TASK ITEM - Omit the pictures, but give back every entry below exactly as written.

··· SOURCE MATERIAL

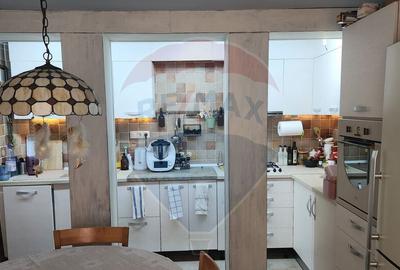 Casa / Vila cu 4 camere de vanzare in zona Central - 8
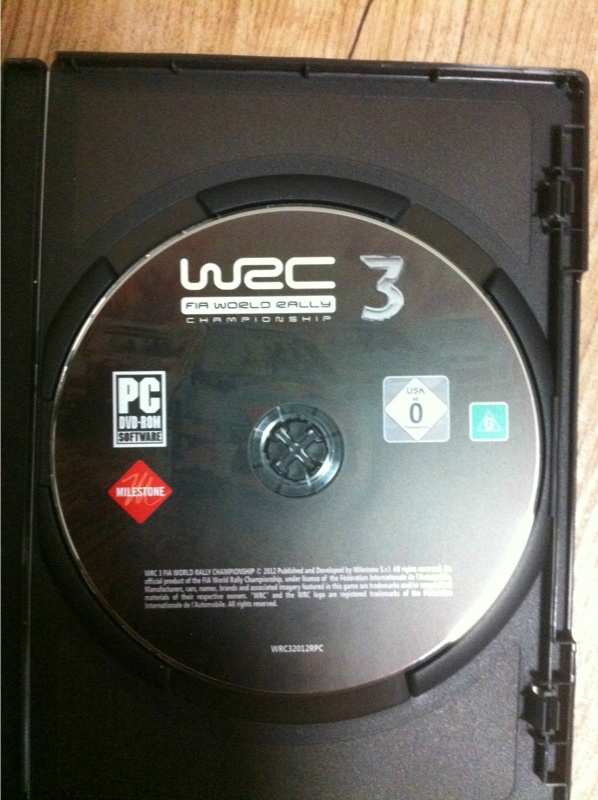 WRC 3 : FIA 월드랠리챔피언쉽 PC 버전 패키지 내용물_5.jpg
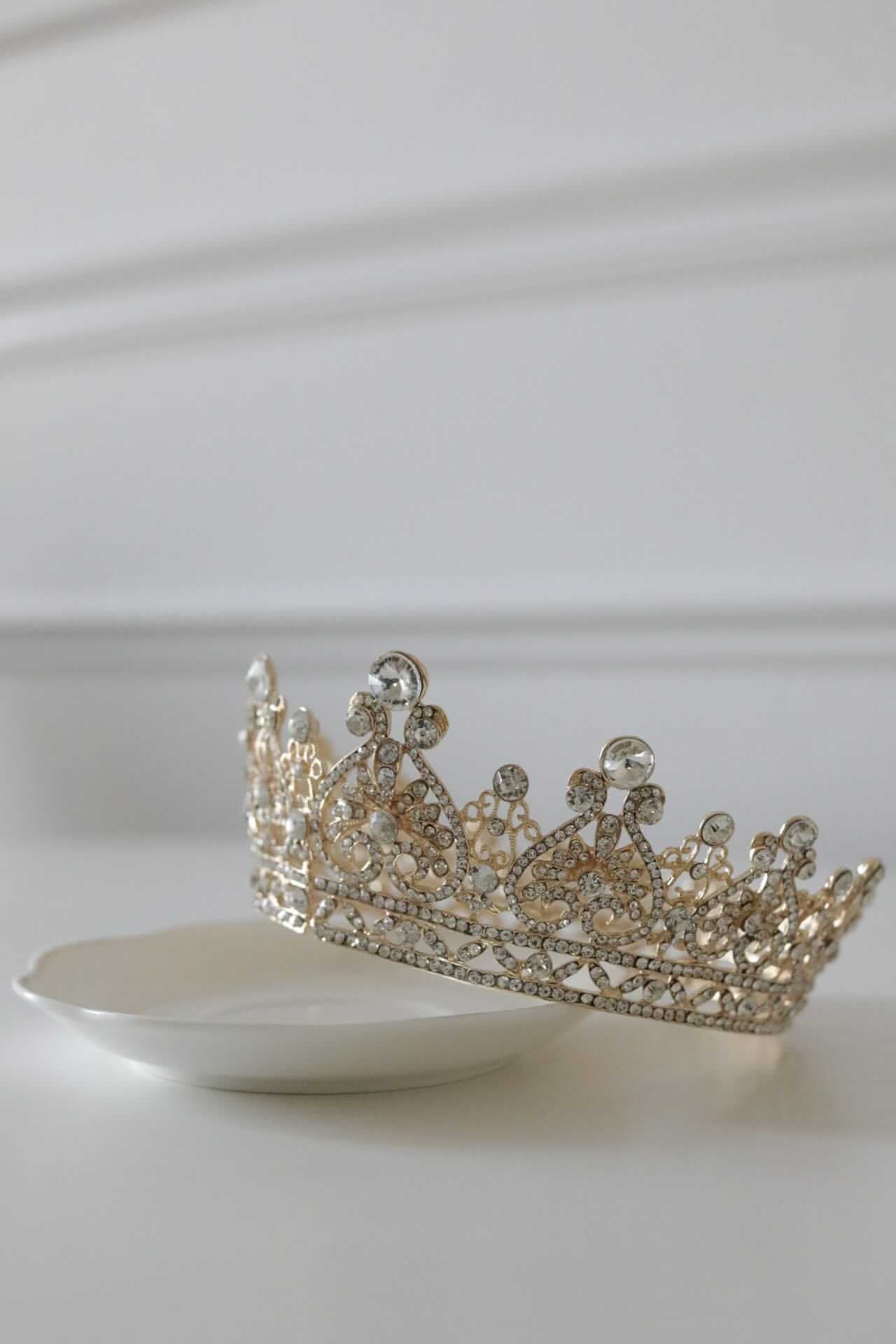 The "Prima Ballerina" Gold Crown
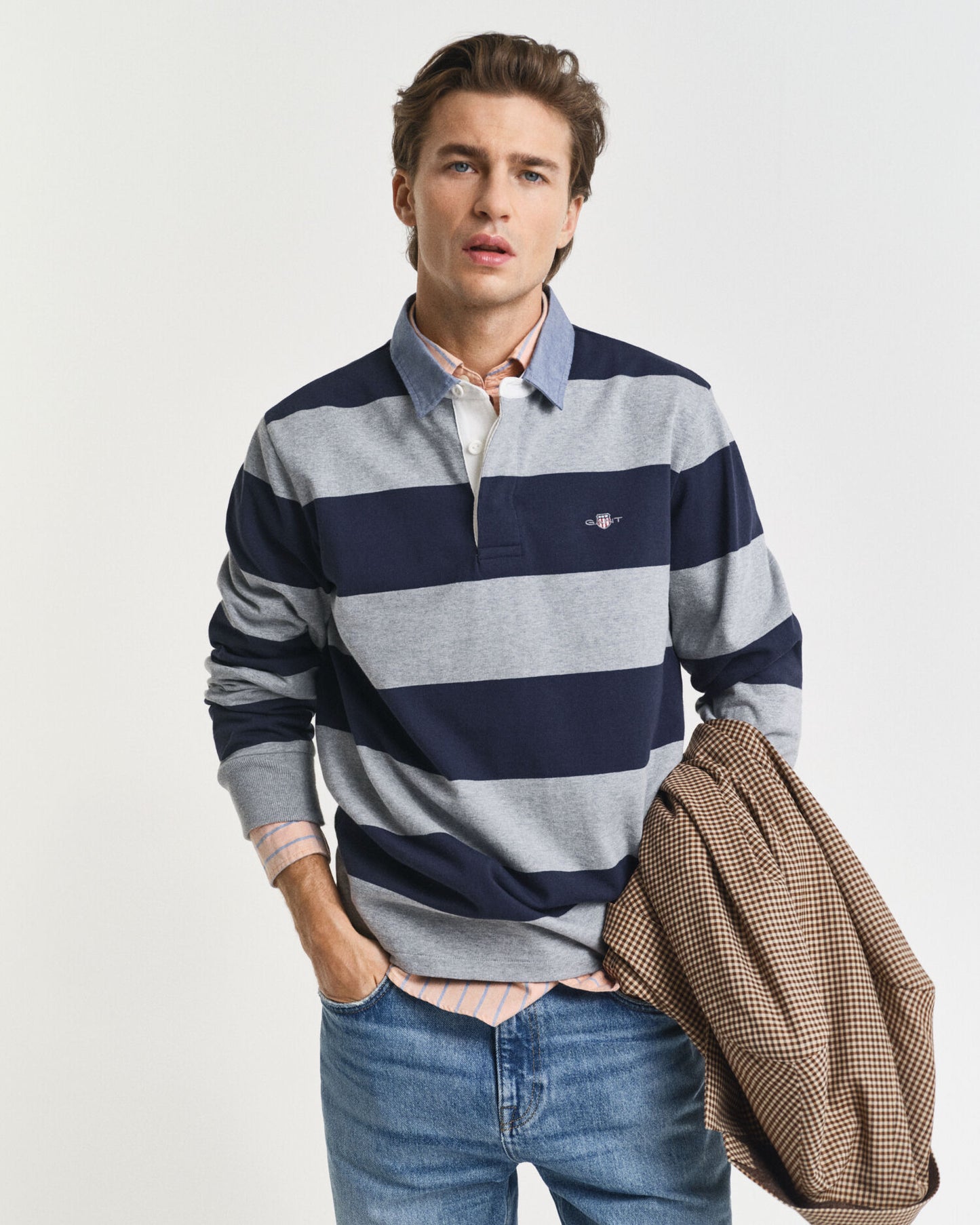 Rugger mit Chambray-Kragen und Streifen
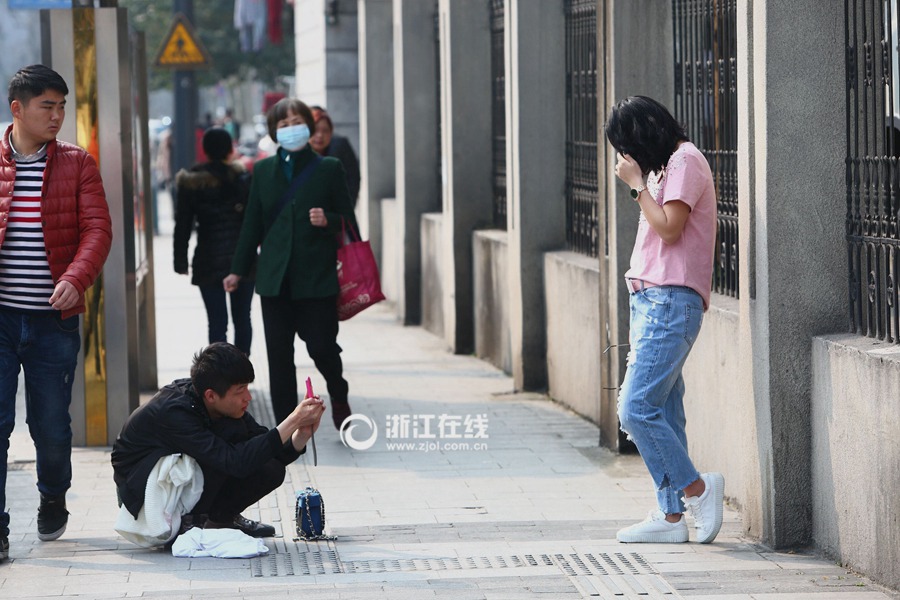 Do not look at me! Models change clothes on street in Hangzhou
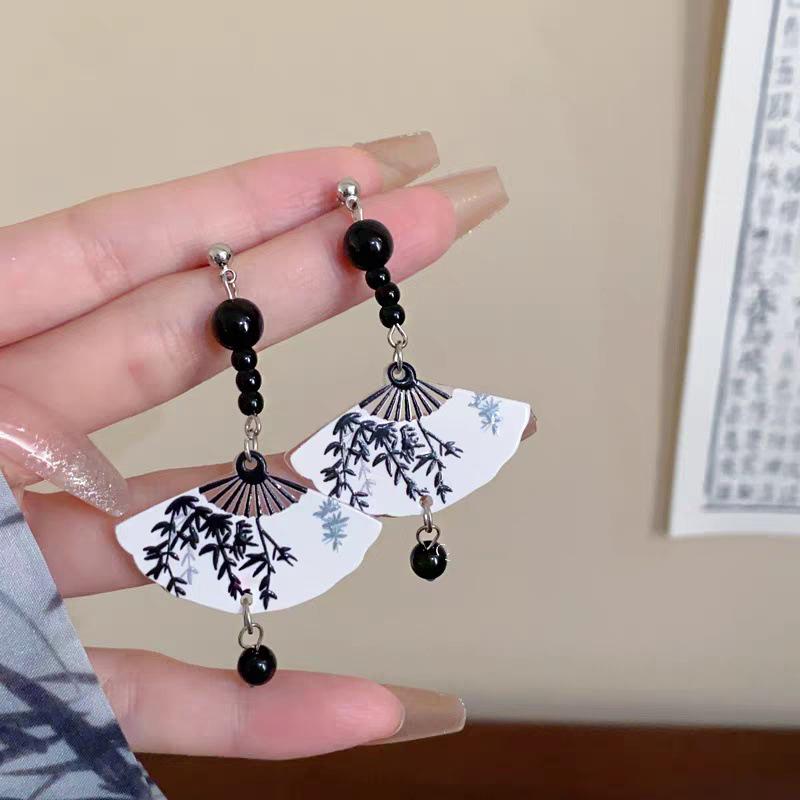 Beaded Tassel Fan Earrings: Retro Chinese Hanfu Style Jewelry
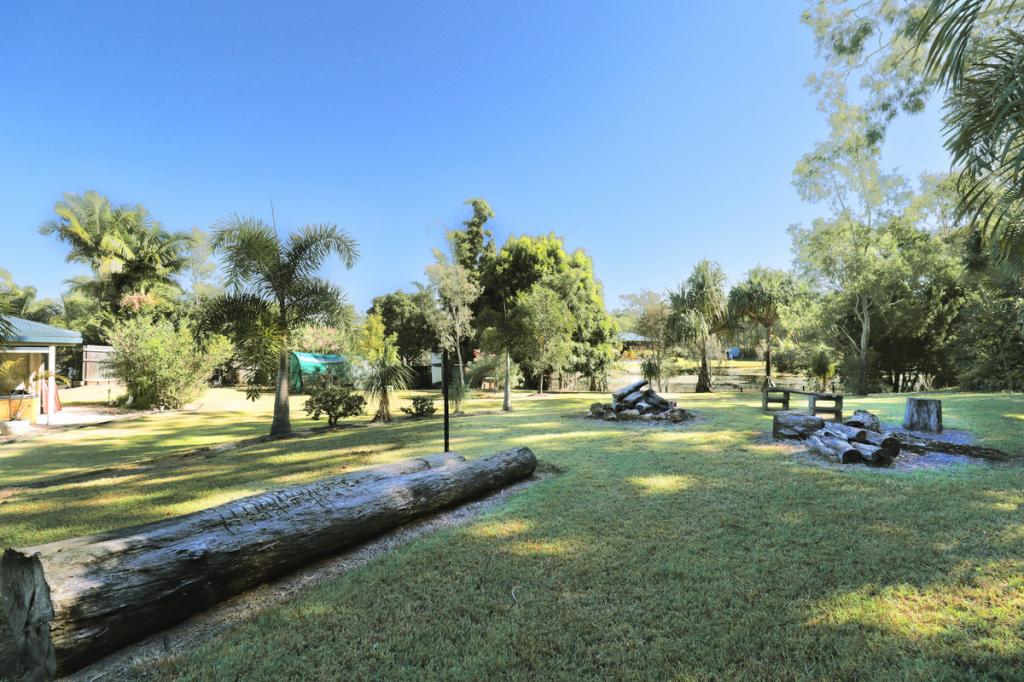 5-7 Reef Cl, Toogoom, QLD 4655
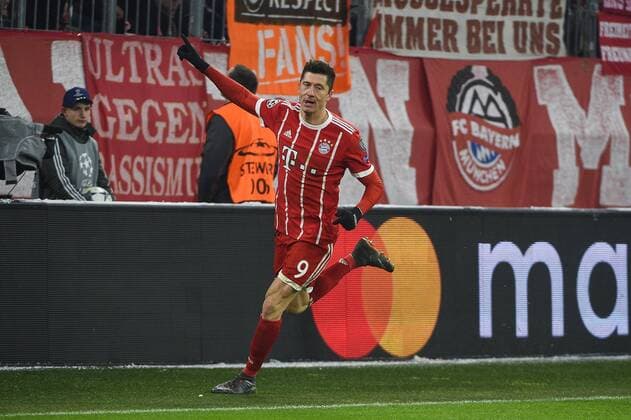 GER, UEFA,Champions League, FC Bayern Muenchen - Besiktas Istanbul 20.02.2018, Allianz-Arena, Muenchen, GER, UEFA,Champions League, FC Bayern Muenchen - Besiktas Istanbul, im Bild Torjubel Robert Lewandowski (FC Bayern Muenchen 9)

······

REPLY -
 Casa / Vila cu 4 camere de vanzare in zona Central - 8
 WRC 3 : FIA 월드랠리챔피언쉽 PC 버전 패키지 내용물_5.jpg
 The "Prima Ballerina" Gold Crown
 Rugger mit Chambray-Kragen und Streifen
 Do not look at me! Models change clothes on street in Hangzhou
 Beaded Tassel Fan Earrings: Retro Chinese Hanfu Style Jewelry
 5-7 Reef Cl, Toogoom, QLD 4655
 GER, UEFA,Champions League, FC Bayern Muenchen - Besiktas Istanbul 20.02.2018, Allianz-Arena, Muenchen, GER, UEFA,Champions League, FC Bayern Muenchen - Besiktas Istanbul, im Bild Torjubel Robert Lewandowski (FC Bayern Muenchen 9)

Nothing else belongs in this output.